1. R(Y;y,ψ,ν) has a distribution free of unknown parameters.

2. The value of R(y;y,ψ,ν) is ψ.

Let that R_α be the 100_αth percentile of R. Then R_α becomes the 100(1 – α)% lower bound for ψ and (R_α/2,R_1–α/2 becomes a 100(1–α)% two-sided generalized confidence interval for ψ.

Now consider testing H₀ : ψ = ψ₀ vs. H₁ : ψ > ψ₀ where ψ₀ is a specified quantity. A generalized test variable of the form T(Y;y,ψ,ν) where y is an observed value of Y, is chosen to satisfy the following three conditions (Tsui and Weerahandi,1989):

1. For fixed y, the distribution of T(Y;y,ψ,ν) is free of the vector of nuisance parameters ν.
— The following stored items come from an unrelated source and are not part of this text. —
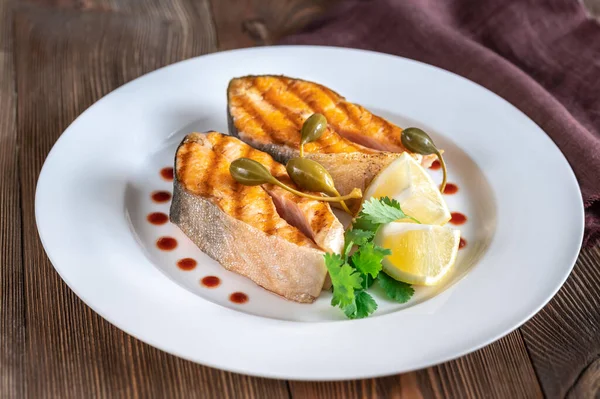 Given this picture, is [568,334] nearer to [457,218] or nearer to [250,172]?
[457,218]

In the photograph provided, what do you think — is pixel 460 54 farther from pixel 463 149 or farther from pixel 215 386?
pixel 215 386

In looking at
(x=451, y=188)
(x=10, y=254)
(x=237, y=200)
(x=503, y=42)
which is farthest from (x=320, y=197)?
(x=503, y=42)

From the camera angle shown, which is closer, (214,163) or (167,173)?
(214,163)

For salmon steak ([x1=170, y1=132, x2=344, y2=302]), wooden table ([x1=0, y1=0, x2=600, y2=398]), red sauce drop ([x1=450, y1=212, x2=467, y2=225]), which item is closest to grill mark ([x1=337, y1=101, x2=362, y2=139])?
salmon steak ([x1=170, y1=132, x2=344, y2=302])

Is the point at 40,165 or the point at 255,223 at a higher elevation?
the point at 255,223

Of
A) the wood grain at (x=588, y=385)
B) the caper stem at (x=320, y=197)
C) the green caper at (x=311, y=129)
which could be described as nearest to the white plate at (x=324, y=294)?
the wood grain at (x=588, y=385)

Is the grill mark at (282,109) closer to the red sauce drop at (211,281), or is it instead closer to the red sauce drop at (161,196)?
the red sauce drop at (161,196)

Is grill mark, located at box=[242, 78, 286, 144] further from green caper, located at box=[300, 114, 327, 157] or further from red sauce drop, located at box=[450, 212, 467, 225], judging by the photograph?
red sauce drop, located at box=[450, 212, 467, 225] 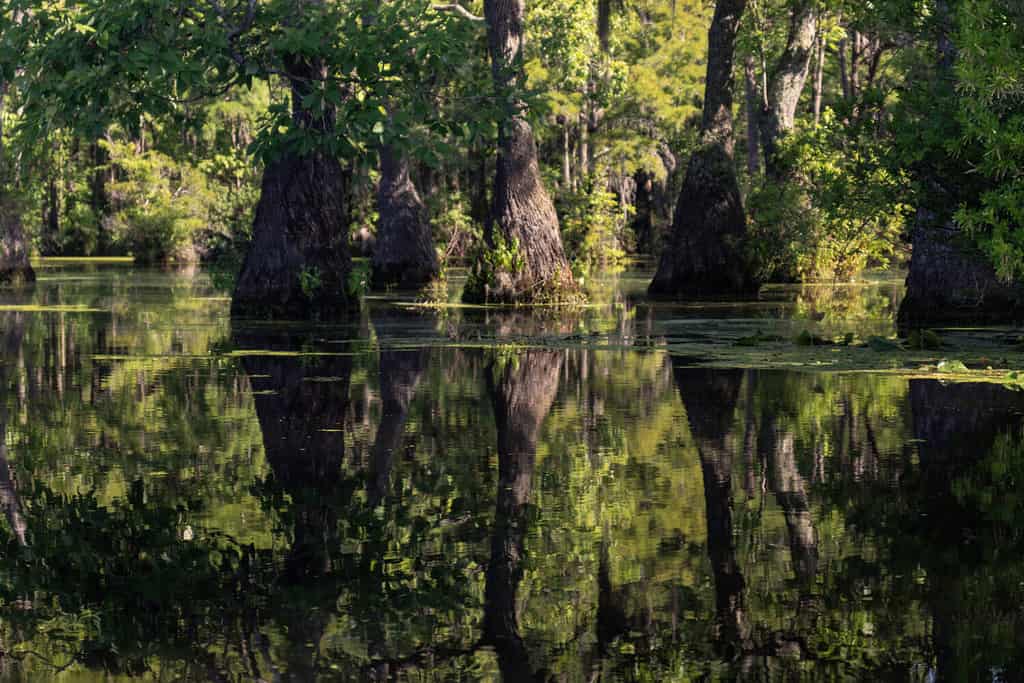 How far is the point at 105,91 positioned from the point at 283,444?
10735 mm

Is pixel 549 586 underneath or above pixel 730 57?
underneath

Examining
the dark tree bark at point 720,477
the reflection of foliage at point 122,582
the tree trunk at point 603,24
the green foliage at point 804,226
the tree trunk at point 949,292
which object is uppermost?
the tree trunk at point 603,24

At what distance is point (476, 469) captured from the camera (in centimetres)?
911

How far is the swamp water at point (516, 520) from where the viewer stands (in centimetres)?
A: 526

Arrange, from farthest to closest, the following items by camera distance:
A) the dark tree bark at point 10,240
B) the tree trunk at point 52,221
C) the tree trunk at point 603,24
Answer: the tree trunk at point 52,221, the tree trunk at point 603,24, the dark tree bark at point 10,240

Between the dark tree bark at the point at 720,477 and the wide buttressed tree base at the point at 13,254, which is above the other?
the wide buttressed tree base at the point at 13,254

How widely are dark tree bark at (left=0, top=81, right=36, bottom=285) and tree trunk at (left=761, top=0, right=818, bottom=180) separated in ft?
58.5

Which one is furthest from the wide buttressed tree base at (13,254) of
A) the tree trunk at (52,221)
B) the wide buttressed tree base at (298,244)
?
the tree trunk at (52,221)

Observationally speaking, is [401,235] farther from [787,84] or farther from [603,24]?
[603,24]

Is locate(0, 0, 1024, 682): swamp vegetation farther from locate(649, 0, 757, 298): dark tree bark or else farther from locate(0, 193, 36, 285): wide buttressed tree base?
locate(0, 193, 36, 285): wide buttressed tree base

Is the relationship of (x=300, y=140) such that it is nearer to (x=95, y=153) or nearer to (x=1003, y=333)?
(x=1003, y=333)

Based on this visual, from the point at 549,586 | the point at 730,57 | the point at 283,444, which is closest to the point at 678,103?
the point at 730,57

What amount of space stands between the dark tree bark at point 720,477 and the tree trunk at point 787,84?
19653 mm

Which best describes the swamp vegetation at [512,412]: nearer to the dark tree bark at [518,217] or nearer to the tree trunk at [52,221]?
the dark tree bark at [518,217] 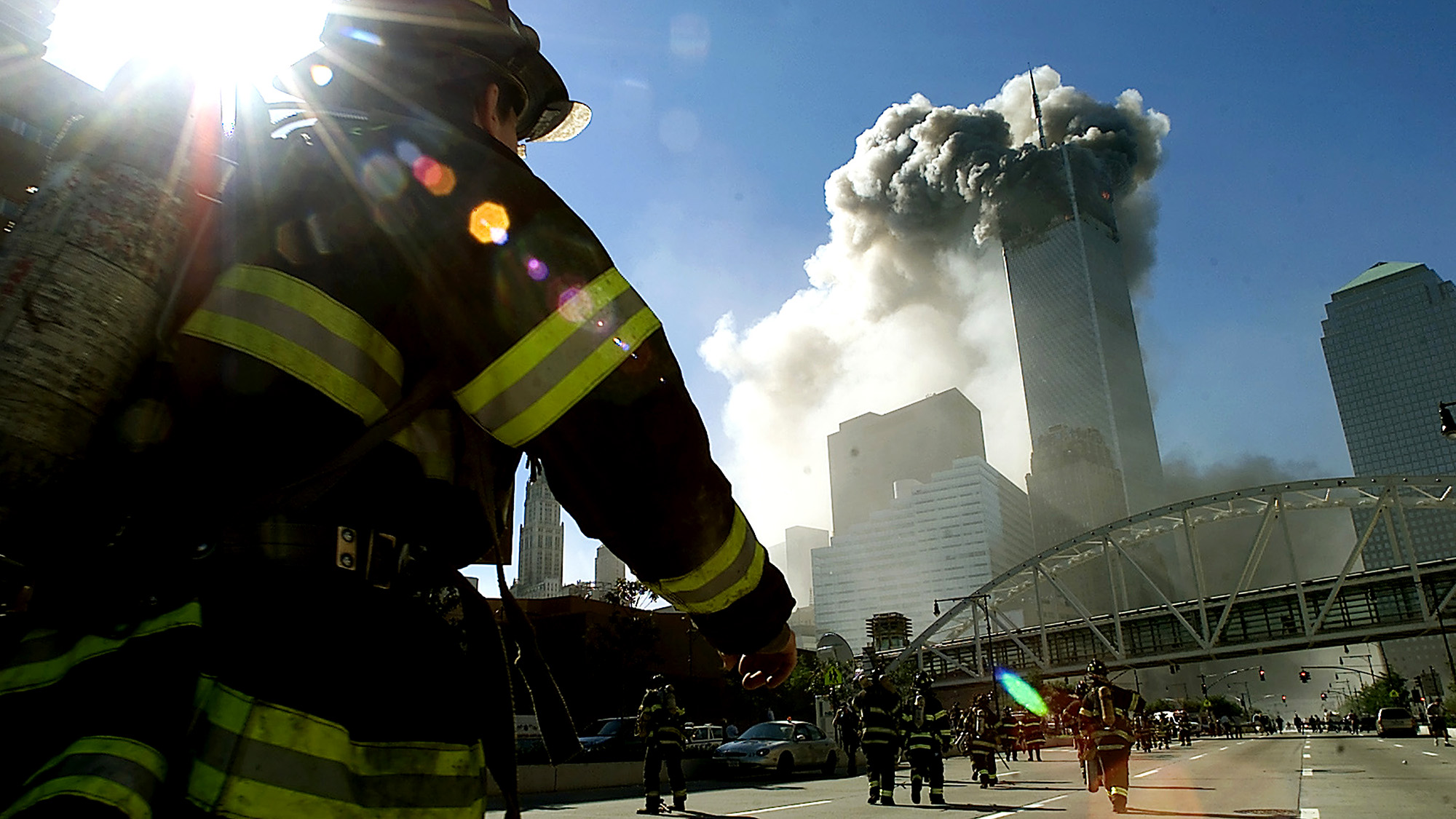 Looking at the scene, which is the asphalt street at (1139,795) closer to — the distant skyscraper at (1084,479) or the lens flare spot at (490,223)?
the lens flare spot at (490,223)

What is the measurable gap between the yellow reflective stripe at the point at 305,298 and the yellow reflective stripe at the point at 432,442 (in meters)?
0.12

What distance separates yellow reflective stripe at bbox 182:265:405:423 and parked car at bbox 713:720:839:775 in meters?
19.0

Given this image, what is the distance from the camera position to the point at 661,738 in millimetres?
11898

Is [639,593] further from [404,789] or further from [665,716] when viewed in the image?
[404,789]

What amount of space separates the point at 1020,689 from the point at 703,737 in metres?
51.2

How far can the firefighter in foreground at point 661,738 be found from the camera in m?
11.4

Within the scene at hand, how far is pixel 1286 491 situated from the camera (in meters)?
67.7

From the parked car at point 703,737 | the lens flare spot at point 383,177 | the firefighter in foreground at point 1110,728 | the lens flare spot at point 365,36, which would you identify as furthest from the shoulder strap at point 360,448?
the parked car at point 703,737

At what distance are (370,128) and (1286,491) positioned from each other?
257 feet

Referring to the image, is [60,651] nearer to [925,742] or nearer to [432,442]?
[432,442]

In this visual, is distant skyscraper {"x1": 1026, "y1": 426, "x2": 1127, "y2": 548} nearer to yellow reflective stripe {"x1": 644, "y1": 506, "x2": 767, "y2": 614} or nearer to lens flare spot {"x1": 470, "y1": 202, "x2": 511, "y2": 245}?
yellow reflective stripe {"x1": 644, "y1": 506, "x2": 767, "y2": 614}

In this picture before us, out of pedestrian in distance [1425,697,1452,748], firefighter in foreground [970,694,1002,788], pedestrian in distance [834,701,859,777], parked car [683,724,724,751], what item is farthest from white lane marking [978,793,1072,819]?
pedestrian in distance [1425,697,1452,748]

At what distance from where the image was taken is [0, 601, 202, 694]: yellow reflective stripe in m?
1.11

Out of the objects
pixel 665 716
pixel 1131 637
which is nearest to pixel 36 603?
pixel 665 716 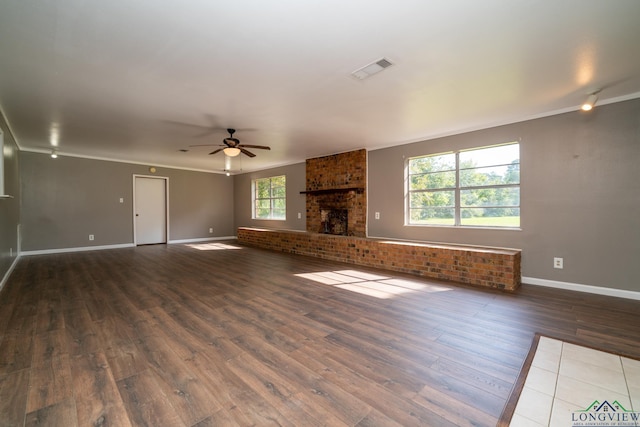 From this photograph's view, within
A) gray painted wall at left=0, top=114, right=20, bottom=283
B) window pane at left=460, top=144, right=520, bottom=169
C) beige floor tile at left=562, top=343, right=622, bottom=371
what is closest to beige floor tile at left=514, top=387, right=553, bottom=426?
beige floor tile at left=562, top=343, right=622, bottom=371

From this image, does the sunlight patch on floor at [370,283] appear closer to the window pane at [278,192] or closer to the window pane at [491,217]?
the window pane at [491,217]

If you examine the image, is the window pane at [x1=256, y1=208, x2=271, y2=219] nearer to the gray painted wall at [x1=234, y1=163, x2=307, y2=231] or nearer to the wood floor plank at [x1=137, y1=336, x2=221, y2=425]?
the gray painted wall at [x1=234, y1=163, x2=307, y2=231]

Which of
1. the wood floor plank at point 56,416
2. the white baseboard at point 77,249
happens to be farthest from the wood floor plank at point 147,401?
the white baseboard at point 77,249

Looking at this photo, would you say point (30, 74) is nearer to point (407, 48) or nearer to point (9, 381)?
point (9, 381)

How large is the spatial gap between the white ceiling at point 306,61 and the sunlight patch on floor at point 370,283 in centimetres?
233

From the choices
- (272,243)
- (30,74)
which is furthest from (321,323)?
(272,243)

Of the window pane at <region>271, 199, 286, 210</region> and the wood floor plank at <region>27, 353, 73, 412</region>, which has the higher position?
the window pane at <region>271, 199, 286, 210</region>

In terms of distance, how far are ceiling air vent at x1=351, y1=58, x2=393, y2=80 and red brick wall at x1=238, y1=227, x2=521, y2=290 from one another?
2.77 metres

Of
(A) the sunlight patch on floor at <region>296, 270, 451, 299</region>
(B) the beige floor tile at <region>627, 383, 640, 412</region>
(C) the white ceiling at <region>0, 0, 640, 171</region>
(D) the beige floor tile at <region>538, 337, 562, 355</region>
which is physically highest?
(C) the white ceiling at <region>0, 0, 640, 171</region>

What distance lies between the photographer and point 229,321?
99.3 inches

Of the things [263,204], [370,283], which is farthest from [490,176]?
[263,204]

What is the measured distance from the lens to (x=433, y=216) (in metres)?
4.79

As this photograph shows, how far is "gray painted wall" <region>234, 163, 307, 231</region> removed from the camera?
23.4 feet

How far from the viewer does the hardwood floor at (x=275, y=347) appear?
1.42 metres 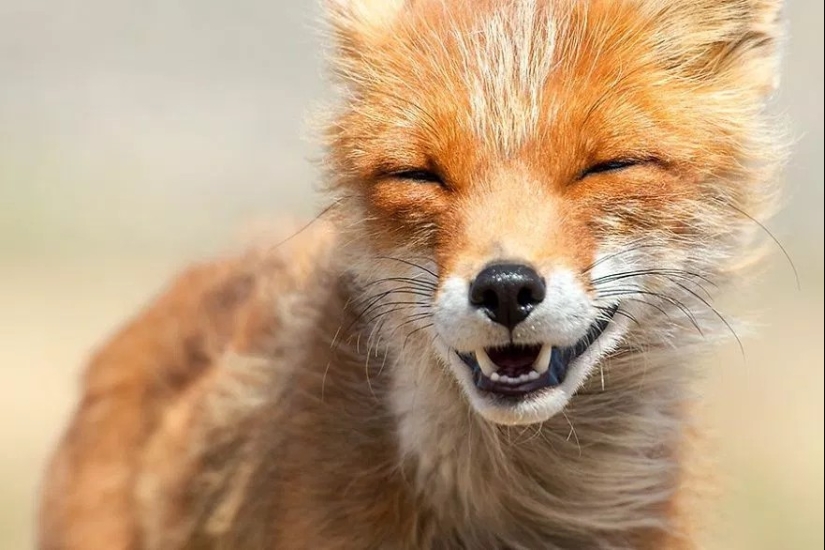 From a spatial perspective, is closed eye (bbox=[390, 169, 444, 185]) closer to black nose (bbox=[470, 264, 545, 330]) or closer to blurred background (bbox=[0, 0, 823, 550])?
black nose (bbox=[470, 264, 545, 330])

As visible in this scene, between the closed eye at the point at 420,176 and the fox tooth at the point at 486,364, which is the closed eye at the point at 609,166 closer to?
the closed eye at the point at 420,176

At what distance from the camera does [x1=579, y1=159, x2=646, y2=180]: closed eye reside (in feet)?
13.2

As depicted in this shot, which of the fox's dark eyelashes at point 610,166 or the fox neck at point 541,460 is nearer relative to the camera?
the fox's dark eyelashes at point 610,166

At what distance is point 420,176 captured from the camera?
419cm

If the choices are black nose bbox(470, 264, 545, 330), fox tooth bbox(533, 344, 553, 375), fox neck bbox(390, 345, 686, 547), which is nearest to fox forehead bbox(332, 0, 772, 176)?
black nose bbox(470, 264, 545, 330)

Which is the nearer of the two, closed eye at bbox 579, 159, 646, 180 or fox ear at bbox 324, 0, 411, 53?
closed eye at bbox 579, 159, 646, 180

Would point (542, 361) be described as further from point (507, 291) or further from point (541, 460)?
point (541, 460)

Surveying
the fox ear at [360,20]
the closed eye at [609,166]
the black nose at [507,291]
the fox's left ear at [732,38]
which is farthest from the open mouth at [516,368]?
the fox ear at [360,20]

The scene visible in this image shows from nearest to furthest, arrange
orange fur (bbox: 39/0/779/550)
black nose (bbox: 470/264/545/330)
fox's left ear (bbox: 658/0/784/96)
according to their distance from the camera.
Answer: black nose (bbox: 470/264/545/330) → orange fur (bbox: 39/0/779/550) → fox's left ear (bbox: 658/0/784/96)

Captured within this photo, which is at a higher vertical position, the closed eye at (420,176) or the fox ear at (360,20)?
the fox ear at (360,20)

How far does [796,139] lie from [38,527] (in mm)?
4175

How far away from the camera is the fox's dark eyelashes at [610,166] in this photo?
13.2ft

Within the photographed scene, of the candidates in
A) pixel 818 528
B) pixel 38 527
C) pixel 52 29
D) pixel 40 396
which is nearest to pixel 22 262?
pixel 40 396

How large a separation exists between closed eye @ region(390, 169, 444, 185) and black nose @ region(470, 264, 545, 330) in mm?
535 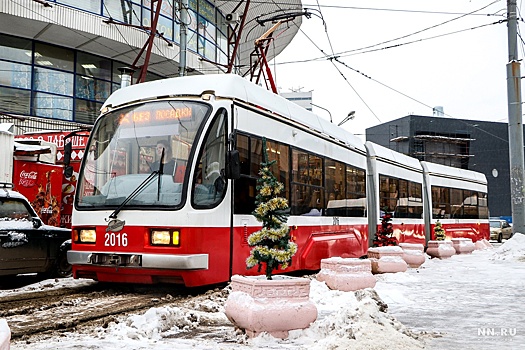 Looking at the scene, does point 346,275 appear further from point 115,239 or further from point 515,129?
point 515,129

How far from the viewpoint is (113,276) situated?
871cm

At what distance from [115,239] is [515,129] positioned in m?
16.3

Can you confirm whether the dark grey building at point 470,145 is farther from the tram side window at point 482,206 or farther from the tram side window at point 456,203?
the tram side window at point 456,203

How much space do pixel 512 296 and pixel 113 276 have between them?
6875 mm

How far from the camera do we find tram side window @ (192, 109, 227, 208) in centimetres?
830

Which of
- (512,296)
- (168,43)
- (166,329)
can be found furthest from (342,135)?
(168,43)

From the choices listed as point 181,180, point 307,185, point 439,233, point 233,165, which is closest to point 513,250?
point 439,233

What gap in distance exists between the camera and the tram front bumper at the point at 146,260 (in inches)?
312

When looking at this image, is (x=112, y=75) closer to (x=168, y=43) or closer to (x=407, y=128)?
(x=168, y=43)

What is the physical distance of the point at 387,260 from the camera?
13.1m

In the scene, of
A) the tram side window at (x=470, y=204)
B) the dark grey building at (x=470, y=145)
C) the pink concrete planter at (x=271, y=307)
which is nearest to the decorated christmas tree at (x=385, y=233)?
the pink concrete planter at (x=271, y=307)

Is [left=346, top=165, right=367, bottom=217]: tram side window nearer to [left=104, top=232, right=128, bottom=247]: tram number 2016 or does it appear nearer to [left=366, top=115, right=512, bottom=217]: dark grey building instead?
[left=104, top=232, right=128, bottom=247]: tram number 2016

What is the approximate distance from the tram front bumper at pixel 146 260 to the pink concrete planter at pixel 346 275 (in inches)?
112

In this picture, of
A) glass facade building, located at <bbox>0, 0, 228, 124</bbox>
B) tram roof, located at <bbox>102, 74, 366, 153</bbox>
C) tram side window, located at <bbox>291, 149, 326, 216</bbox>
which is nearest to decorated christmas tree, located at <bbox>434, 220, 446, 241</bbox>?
tram side window, located at <bbox>291, 149, 326, 216</bbox> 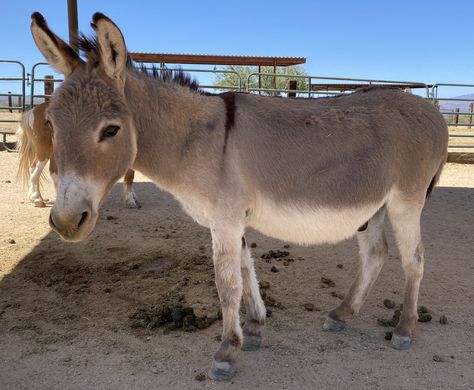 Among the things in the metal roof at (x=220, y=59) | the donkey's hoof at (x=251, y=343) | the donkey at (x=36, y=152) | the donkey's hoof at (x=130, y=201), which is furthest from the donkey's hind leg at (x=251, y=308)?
the metal roof at (x=220, y=59)

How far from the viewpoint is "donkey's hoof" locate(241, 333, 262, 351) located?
2.99 meters

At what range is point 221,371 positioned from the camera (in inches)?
104

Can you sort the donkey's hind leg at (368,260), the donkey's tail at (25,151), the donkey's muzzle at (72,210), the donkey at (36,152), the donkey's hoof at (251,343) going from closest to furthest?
the donkey's muzzle at (72,210) → the donkey's hoof at (251,343) → the donkey's hind leg at (368,260) → the donkey at (36,152) → the donkey's tail at (25,151)

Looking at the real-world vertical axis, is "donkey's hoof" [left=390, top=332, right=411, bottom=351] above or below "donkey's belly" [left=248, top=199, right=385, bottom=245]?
below

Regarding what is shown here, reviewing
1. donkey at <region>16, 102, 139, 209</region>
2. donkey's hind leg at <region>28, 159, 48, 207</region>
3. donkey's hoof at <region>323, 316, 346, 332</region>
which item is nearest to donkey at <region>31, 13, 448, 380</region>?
donkey's hoof at <region>323, 316, 346, 332</region>

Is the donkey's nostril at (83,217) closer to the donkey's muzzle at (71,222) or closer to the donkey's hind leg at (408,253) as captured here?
the donkey's muzzle at (71,222)

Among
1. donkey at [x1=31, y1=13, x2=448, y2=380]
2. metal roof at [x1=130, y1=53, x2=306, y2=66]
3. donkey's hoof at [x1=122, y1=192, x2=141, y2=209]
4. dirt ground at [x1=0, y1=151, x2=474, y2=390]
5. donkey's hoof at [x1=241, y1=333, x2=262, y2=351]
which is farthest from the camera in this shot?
metal roof at [x1=130, y1=53, x2=306, y2=66]

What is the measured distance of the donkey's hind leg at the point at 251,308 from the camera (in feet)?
9.86

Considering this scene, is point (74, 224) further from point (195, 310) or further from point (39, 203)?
point (39, 203)

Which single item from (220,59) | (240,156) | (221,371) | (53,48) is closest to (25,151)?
(53,48)

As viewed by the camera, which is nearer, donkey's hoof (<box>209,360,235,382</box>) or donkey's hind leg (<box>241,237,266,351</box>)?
donkey's hoof (<box>209,360,235,382</box>)

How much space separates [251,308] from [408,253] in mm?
1223

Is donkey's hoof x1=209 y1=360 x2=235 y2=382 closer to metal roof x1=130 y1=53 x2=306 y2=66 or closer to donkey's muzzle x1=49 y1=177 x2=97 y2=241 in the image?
donkey's muzzle x1=49 y1=177 x2=97 y2=241

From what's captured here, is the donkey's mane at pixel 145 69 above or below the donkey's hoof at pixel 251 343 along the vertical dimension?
above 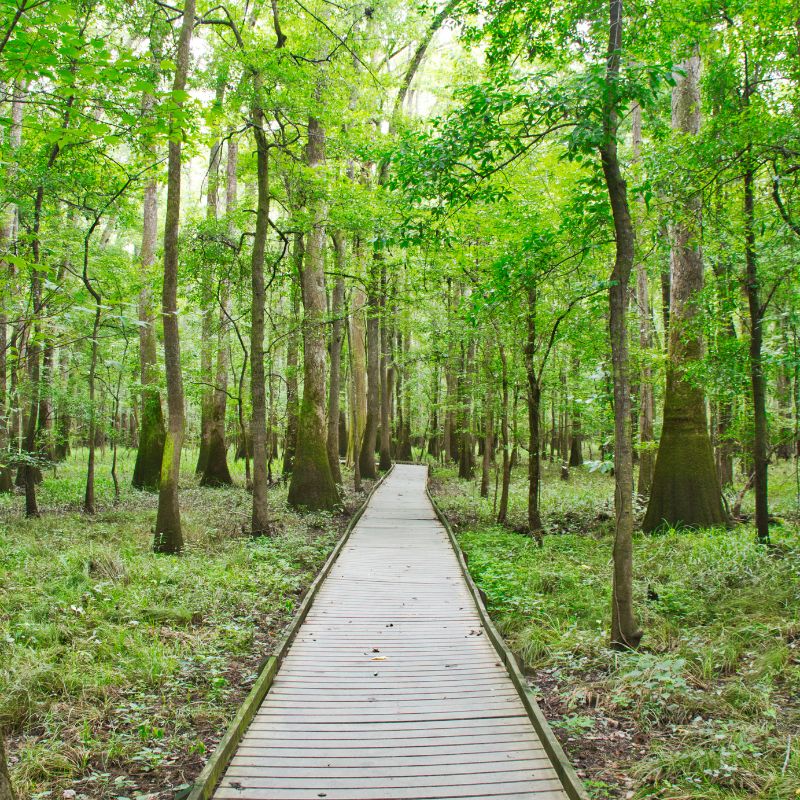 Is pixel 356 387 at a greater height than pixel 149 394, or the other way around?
pixel 356 387

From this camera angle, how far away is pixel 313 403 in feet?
42.3

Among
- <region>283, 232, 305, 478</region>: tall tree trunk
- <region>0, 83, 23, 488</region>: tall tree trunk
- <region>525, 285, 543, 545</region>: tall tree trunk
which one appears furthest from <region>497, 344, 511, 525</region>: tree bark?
<region>0, 83, 23, 488</region>: tall tree trunk

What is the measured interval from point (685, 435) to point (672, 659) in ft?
17.7

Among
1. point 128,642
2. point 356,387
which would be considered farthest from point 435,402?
point 128,642

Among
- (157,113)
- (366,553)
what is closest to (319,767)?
(157,113)

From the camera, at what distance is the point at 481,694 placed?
4.74 m

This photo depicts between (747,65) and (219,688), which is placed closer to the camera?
(219,688)

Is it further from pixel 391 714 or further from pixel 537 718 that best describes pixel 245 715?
pixel 537 718

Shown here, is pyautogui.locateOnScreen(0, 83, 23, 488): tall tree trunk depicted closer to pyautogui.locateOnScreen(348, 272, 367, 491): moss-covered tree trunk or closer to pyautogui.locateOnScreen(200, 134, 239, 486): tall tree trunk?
pyautogui.locateOnScreen(200, 134, 239, 486): tall tree trunk

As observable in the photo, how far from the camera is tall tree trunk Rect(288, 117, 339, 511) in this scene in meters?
12.7

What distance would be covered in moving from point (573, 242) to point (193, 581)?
6.18 m

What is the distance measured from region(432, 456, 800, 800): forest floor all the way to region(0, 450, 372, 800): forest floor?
278 centimetres

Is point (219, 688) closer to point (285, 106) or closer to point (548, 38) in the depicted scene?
point (548, 38)

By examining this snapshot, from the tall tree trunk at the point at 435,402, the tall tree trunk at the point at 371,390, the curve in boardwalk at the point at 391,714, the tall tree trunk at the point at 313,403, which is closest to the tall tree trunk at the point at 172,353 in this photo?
the curve in boardwalk at the point at 391,714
2. The value of T(Y;y,ψ,ν) at Y = y is free of any unknown parameters.

3. For fixed y and ν, and for all t, Pr[T(Y;y,ψ,ν) > t] is a monotonic function of ψ.

A generalized extreme region is defined as C = [Y : T(Y;y,ψ,ν) ≥ T(y;y,ψ,ν) if T(Y;y,ψ,ν) is stochastically increasing in ψ (i.e. Pr[T(Y;y,ψ,ν) > t] is a non-decreasing function of ψ). If T(Y;y,ψ,ν) is stochastically decreasing in ψ (i.e. Pr[T(Y;y,ψ,ν) > t] is a non-increasing function of ψ), a generalized extreme region is defined as C = [Y : T(Y;y,ψ,ν) ≤ T(y;y,ψ,ν). Then the generalized P-value is defined as P(Cψ).